$100,000 reward for missing violin being offered.
By H. Nelson Goodson
February 5, 2014
Milwaukee, WI - On Wednesday, Milwaukee Police Chief Edward A. Flynn confirmed during a press conference, that three suspects, including a woman have been arrested in connection with the January 27 stolen Stradivarius violin worth between $6 to $10 million. Two men ages, 36 and 41, and a woman, 32, were taken into custody on Monday morning after information and evidence, a Taser and Taser Probe connected one of the male suspects to the armed robbery. The suspect is known by police for a similar art theft in November 1995, when a small statue by Nicolas Africano was stolen from the Michael Lord Gallery at the Pfister Hotel. The suspect after four years later called the gallery owner to see, if he wanted to buy it back. The owner called police and the suspect was arrested.
Criminal charges are pending against the three local suspects, according to Flynn. G. B. Jones, acting FBI special agent-in-charge of the Milwaukee field office also said, that they have the suspects involved in the violin theft.
Police continue to look for the van used in the January robbery and the violin, which is still missing. A $100K reward is being offered for information leading to its recovery. Chief Flynn believes that the violin could still be in the Milwaukee area.
A warrant executed at Samantha Jone's residence, she told TMJ News 4 that her nephew, one of the suspects arrested was innocent. Police went through everything in the home and left it in a total mess, according to Jones.
The Stradivarius 1715 rare violin was reported stolen at a parking lot located at the Wisconsin Lutheran College. Police say that Frank Almond, the concertmaster of the Milwaukee Symphony Orchestra along with other members had just finished a performance and were walking to their car in the parking when the robbery occured. A suspect approached Almond and used a taser on him, it caused him to drop the violin. The suspect then picked up the violin and fled the scene in a mini van near by, which was driven by second suspect.

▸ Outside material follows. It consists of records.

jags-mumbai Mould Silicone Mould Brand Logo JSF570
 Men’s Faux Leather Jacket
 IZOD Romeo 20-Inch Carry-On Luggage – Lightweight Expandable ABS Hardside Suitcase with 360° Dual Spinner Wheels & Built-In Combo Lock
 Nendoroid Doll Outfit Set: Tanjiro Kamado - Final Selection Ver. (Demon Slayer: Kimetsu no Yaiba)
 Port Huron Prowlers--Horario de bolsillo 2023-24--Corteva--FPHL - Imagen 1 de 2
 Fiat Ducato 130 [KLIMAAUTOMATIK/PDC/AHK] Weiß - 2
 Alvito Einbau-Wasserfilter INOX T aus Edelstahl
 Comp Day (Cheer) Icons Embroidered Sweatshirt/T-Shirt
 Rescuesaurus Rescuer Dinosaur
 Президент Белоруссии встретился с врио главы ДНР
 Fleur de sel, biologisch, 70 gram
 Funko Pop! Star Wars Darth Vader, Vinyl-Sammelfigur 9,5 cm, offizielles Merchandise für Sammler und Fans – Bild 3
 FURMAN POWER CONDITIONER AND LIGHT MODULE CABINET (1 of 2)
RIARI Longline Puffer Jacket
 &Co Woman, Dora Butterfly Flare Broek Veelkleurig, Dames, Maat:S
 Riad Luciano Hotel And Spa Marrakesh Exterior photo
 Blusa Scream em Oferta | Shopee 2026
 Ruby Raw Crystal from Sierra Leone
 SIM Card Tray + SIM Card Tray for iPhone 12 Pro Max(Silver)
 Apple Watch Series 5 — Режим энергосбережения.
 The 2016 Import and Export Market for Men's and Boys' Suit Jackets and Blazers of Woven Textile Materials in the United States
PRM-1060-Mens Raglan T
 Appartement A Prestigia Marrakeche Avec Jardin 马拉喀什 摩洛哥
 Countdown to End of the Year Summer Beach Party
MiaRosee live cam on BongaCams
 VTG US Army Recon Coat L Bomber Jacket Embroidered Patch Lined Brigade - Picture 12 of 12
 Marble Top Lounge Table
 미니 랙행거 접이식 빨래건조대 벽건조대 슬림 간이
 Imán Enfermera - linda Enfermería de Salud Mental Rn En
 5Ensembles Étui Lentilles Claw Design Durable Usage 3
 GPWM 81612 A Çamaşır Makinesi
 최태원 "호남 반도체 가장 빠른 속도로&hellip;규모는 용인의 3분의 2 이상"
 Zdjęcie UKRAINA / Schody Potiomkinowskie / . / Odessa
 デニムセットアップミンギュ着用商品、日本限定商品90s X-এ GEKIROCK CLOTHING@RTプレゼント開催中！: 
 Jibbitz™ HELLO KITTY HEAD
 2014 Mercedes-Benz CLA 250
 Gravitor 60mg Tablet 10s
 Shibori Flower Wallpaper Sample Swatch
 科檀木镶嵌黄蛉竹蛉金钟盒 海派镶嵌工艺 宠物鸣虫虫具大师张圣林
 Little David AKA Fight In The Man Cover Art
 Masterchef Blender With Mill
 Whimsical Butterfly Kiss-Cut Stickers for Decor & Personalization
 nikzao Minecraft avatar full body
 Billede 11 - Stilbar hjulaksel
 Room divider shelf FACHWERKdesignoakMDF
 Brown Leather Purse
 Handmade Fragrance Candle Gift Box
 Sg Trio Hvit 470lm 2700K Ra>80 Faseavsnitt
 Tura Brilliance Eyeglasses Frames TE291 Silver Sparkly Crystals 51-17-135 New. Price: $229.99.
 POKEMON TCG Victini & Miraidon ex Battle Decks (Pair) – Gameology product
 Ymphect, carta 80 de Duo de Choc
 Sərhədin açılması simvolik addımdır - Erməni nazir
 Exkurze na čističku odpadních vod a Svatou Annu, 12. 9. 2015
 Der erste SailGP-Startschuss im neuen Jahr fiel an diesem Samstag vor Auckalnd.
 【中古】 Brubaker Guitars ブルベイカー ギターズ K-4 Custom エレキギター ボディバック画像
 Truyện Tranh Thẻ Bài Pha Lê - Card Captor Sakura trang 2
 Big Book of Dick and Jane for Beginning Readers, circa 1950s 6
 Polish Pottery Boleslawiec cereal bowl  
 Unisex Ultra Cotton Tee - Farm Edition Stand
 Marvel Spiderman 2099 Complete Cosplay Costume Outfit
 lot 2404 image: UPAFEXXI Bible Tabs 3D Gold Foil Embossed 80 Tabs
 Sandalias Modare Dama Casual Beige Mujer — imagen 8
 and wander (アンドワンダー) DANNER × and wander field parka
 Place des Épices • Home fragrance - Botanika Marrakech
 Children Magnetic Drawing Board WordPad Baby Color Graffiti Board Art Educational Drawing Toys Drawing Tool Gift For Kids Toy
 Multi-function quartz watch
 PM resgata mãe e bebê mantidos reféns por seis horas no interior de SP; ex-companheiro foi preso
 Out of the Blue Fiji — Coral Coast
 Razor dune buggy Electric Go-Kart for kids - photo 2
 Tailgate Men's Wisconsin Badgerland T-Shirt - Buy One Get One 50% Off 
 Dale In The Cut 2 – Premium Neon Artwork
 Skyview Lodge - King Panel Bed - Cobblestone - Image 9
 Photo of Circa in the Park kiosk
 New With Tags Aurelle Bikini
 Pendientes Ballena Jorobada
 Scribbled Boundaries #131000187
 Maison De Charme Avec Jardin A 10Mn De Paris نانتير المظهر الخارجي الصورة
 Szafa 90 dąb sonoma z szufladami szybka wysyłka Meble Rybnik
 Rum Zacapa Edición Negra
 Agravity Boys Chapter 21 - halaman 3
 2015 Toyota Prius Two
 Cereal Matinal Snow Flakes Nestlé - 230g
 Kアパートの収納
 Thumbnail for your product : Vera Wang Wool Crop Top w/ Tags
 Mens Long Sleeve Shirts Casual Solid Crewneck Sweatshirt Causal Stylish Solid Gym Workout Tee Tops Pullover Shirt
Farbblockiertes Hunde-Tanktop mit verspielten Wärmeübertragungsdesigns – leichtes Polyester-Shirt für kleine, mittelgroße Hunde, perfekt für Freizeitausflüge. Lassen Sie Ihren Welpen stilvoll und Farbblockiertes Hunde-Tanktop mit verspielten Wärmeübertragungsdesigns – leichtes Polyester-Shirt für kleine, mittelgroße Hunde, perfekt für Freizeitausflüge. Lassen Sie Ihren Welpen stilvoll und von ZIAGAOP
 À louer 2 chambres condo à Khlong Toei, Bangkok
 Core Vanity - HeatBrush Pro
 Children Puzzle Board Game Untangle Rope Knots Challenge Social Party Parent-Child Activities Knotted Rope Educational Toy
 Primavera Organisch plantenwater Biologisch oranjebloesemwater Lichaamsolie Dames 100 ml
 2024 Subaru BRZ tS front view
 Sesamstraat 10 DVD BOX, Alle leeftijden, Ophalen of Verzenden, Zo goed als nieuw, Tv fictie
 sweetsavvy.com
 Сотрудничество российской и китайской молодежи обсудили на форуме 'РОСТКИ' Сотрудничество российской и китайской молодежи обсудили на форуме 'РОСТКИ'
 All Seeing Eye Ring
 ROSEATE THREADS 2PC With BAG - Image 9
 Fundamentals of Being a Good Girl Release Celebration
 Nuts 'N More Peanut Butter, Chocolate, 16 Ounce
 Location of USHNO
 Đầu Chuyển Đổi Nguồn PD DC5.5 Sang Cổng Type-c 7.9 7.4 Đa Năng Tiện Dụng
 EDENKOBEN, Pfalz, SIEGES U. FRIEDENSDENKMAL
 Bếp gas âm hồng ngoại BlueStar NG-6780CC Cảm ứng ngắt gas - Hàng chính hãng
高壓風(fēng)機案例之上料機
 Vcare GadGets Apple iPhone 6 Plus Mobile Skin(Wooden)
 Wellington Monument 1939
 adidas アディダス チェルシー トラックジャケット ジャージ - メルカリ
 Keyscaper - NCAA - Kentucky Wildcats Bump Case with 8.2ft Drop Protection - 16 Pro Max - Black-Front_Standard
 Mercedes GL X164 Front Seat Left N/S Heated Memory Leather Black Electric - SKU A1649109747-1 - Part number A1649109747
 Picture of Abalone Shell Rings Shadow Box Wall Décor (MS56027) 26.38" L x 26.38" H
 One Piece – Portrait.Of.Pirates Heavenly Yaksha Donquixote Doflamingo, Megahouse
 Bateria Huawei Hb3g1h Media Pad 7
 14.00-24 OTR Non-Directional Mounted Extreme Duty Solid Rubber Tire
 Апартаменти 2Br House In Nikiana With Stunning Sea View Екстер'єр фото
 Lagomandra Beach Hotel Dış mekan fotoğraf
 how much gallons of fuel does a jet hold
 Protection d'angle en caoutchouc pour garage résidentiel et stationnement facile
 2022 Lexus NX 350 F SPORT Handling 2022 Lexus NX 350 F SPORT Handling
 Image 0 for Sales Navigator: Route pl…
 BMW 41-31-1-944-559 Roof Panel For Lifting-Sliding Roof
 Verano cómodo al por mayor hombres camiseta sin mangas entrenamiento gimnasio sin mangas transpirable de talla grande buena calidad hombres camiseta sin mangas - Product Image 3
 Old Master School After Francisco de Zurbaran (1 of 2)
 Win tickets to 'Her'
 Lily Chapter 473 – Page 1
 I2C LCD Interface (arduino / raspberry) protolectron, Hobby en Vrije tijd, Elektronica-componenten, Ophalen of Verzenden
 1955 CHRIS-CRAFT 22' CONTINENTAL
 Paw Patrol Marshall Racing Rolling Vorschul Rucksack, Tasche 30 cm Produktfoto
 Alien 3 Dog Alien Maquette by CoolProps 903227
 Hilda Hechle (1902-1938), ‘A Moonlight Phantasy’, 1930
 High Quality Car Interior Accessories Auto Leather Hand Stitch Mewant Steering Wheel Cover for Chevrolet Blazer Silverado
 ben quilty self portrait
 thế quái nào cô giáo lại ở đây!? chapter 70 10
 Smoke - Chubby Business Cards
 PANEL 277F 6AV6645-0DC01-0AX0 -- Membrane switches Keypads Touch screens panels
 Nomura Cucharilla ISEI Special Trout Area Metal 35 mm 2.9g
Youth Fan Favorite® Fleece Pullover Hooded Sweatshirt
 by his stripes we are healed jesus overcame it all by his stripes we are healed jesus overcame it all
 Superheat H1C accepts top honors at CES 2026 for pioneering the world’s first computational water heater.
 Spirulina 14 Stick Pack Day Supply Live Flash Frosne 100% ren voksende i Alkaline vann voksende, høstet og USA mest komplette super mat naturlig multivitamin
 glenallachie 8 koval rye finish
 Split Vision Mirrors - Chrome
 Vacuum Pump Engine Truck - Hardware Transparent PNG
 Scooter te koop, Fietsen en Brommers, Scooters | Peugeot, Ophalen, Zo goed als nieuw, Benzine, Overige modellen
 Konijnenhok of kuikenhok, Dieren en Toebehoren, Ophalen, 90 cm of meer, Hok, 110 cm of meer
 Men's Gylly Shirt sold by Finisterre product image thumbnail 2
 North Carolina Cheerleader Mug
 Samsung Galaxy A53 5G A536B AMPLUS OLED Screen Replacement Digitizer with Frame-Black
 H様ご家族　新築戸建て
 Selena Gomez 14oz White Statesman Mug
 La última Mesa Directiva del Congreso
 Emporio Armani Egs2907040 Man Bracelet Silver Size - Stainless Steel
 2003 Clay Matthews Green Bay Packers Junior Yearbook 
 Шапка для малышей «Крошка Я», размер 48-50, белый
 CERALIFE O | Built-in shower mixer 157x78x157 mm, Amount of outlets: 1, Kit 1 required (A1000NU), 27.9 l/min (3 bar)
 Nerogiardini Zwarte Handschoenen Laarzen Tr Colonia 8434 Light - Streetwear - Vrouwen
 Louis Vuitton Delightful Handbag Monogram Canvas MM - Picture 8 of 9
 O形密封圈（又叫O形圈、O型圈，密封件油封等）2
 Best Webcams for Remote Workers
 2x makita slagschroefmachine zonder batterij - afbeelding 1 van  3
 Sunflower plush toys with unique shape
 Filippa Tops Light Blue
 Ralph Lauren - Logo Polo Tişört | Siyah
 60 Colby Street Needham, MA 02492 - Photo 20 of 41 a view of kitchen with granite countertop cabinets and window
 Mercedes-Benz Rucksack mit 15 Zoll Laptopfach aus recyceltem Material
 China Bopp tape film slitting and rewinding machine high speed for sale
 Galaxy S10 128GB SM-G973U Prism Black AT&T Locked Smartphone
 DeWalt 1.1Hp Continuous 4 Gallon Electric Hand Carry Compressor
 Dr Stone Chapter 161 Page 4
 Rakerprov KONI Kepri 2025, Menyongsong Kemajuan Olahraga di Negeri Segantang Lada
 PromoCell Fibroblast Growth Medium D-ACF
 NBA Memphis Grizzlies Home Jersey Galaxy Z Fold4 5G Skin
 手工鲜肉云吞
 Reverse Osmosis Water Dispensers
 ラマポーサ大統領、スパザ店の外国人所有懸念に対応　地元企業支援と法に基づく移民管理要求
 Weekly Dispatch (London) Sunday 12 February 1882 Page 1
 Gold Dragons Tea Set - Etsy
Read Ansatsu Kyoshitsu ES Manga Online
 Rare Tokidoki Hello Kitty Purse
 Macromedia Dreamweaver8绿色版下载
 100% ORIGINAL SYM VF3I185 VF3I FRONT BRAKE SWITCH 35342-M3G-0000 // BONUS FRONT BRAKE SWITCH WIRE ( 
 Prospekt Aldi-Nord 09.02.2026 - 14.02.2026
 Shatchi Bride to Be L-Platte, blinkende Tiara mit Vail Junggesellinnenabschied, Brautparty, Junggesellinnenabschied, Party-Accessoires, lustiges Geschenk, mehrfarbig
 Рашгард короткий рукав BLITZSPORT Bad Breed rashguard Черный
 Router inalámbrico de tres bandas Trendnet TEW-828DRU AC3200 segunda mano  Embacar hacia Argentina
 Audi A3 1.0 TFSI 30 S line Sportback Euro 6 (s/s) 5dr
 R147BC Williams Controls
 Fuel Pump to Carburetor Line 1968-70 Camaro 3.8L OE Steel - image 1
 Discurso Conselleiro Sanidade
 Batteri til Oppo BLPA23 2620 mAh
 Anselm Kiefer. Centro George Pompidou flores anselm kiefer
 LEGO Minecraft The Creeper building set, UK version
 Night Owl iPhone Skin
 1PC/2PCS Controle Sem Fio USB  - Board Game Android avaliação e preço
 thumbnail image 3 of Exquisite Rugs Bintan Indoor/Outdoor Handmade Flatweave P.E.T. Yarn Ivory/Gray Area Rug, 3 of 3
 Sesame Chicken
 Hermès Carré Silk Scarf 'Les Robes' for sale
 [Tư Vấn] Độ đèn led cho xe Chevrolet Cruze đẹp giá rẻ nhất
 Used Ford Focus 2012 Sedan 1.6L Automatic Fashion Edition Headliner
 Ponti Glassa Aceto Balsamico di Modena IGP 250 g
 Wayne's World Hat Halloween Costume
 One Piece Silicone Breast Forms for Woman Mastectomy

Several hours later, the violin case was found iat Washington Park, including an iPad, police say. The violin was the primary target, Chief Flynn said, during the press conference.
The violin is likely the most valuable single item ever stolen in the Milwaukee area, but the value is only appreciated by few collectors.
"It is important to note that this violin is valuable to a very small number of people in the world and is not something easily sold for what it is worth," according to police.
A Federal Bureau of Investigation Art Crimes Team from the Virginia headquarters continues to work with Milwaukee police in their investigation and recovery of the violin.
The violin has been entered into the international art theft database. The FBI team works with Interpol to connect with international art dealers who are able to help locate stolen items throughout international markets, police reported.
Interpol has been notified of the stolen violin.